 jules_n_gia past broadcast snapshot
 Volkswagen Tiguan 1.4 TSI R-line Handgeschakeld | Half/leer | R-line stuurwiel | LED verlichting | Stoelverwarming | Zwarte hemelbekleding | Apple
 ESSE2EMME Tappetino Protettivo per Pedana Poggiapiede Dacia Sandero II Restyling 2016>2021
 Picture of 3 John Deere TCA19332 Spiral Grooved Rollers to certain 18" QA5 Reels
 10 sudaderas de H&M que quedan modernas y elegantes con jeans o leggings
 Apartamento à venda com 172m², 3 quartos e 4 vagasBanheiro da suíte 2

● ● ●

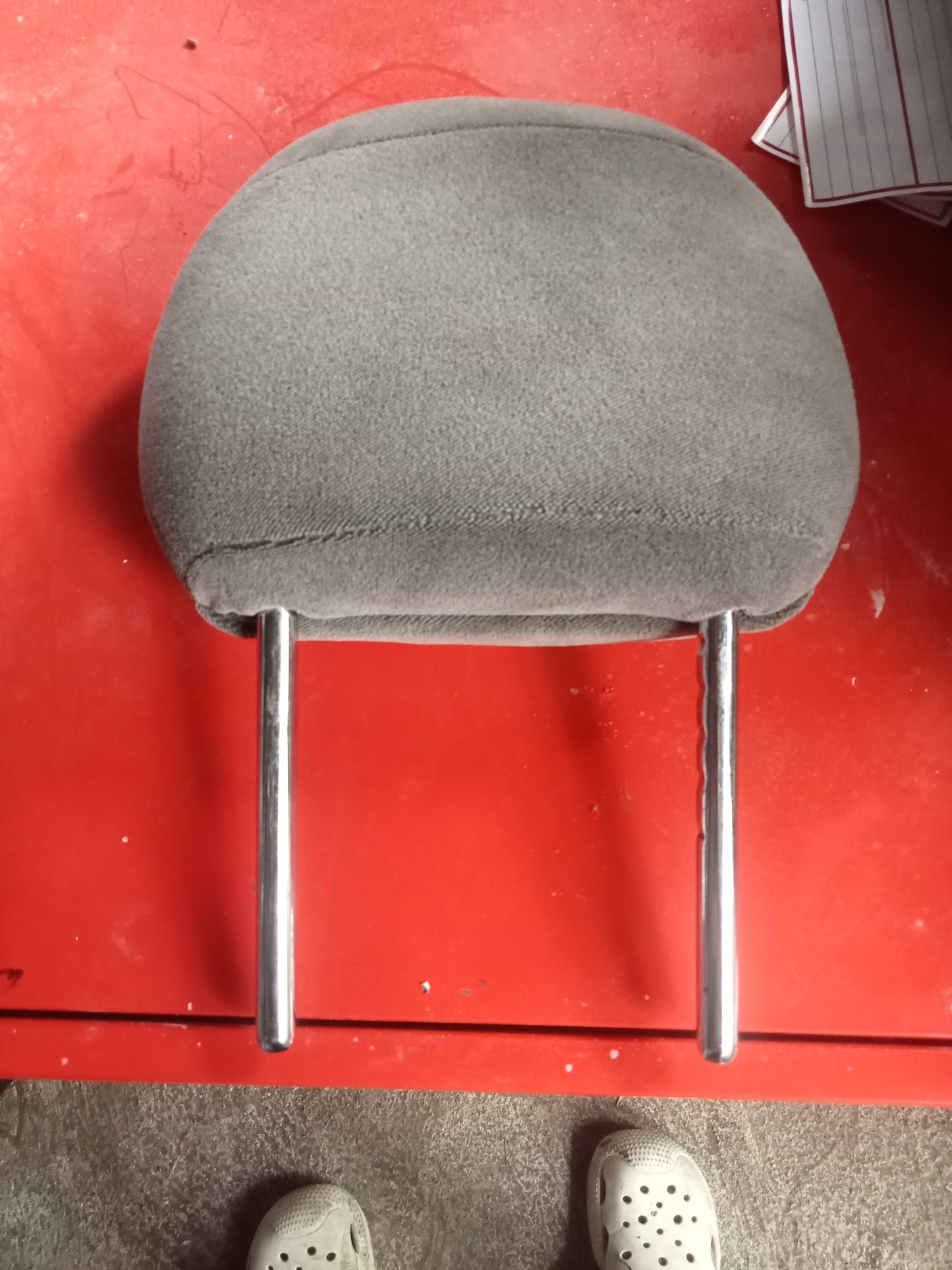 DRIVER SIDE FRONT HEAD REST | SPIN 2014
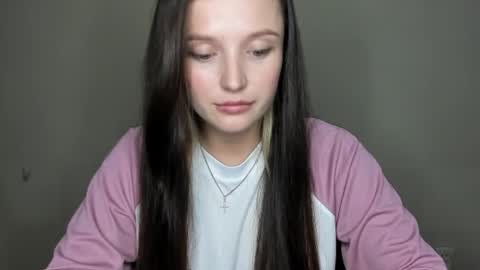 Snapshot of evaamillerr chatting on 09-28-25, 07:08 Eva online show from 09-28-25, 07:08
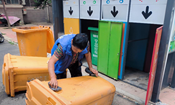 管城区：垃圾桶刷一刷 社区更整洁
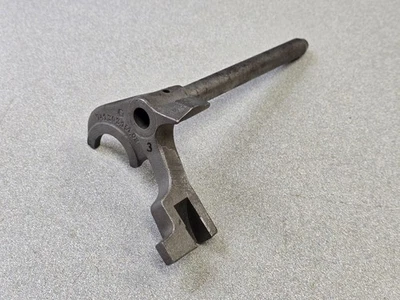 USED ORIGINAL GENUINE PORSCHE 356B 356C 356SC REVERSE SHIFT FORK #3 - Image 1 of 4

● ● ●

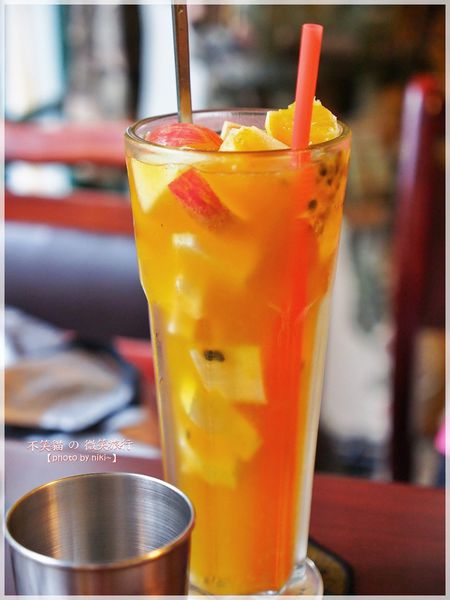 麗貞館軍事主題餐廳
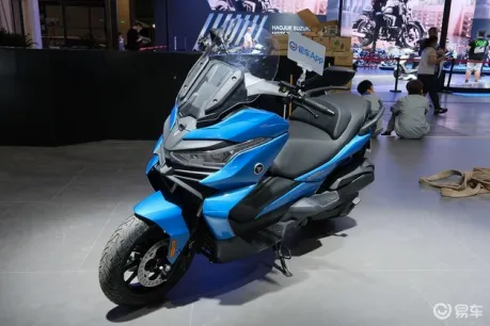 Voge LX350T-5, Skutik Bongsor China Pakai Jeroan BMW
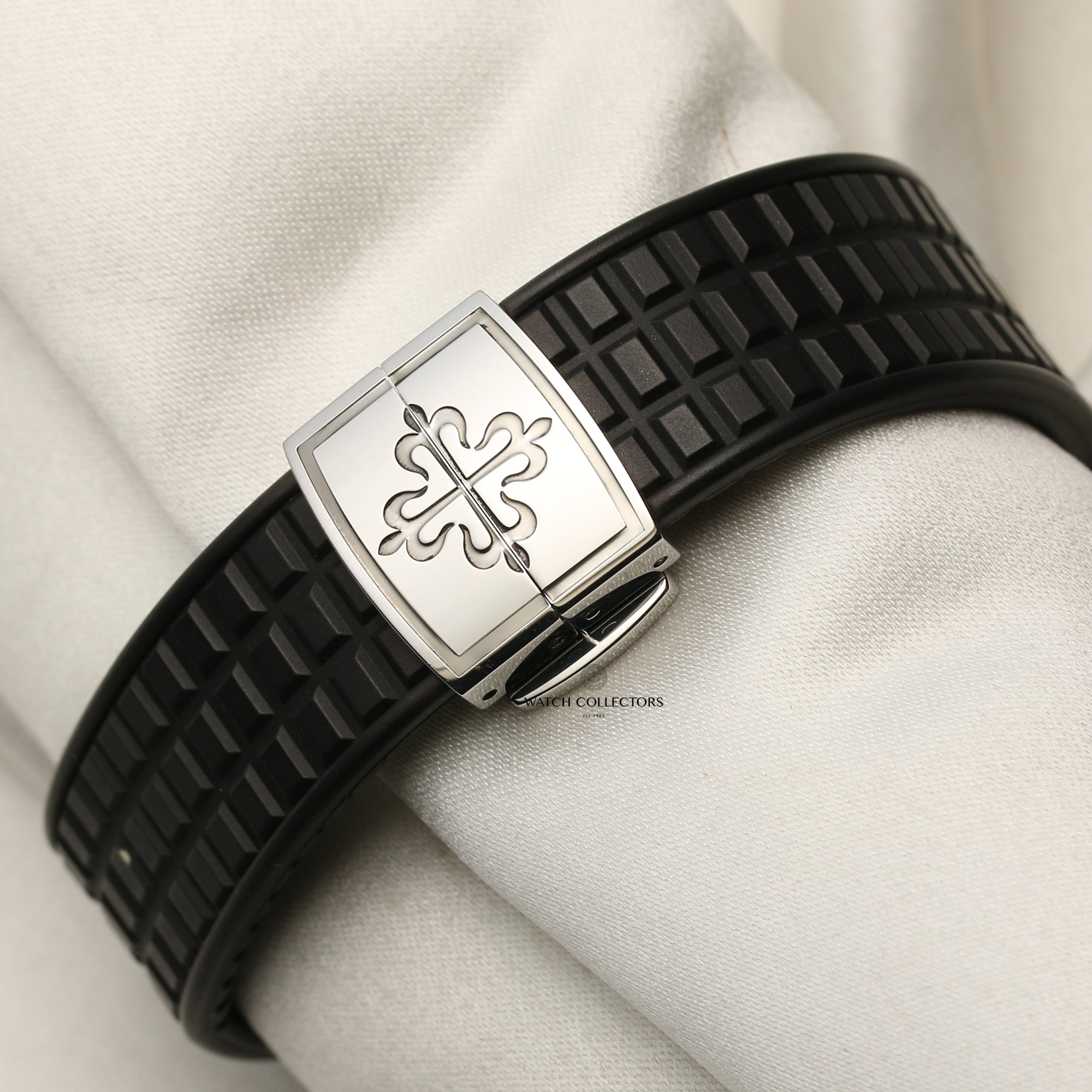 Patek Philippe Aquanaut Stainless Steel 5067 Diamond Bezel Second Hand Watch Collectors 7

● ● ●

→ **ACTION ITEM**
Looking above, find the stretch of lines that opens with the one holding "管城区：垃圾桶刷一刷 社区更整洁" and closes with the one holding "USED ORIGINAL GENUINE". Copy it exactly, pictures excluded.

→ **ANSWER SECTION**
 管城区：垃圾桶刷一刷 社区更整洁
 USED ORIGINAL GENUINE PORSCHE 356B 356C 356SC REVERSE SHIFT FORK #3 - Image 1 of 4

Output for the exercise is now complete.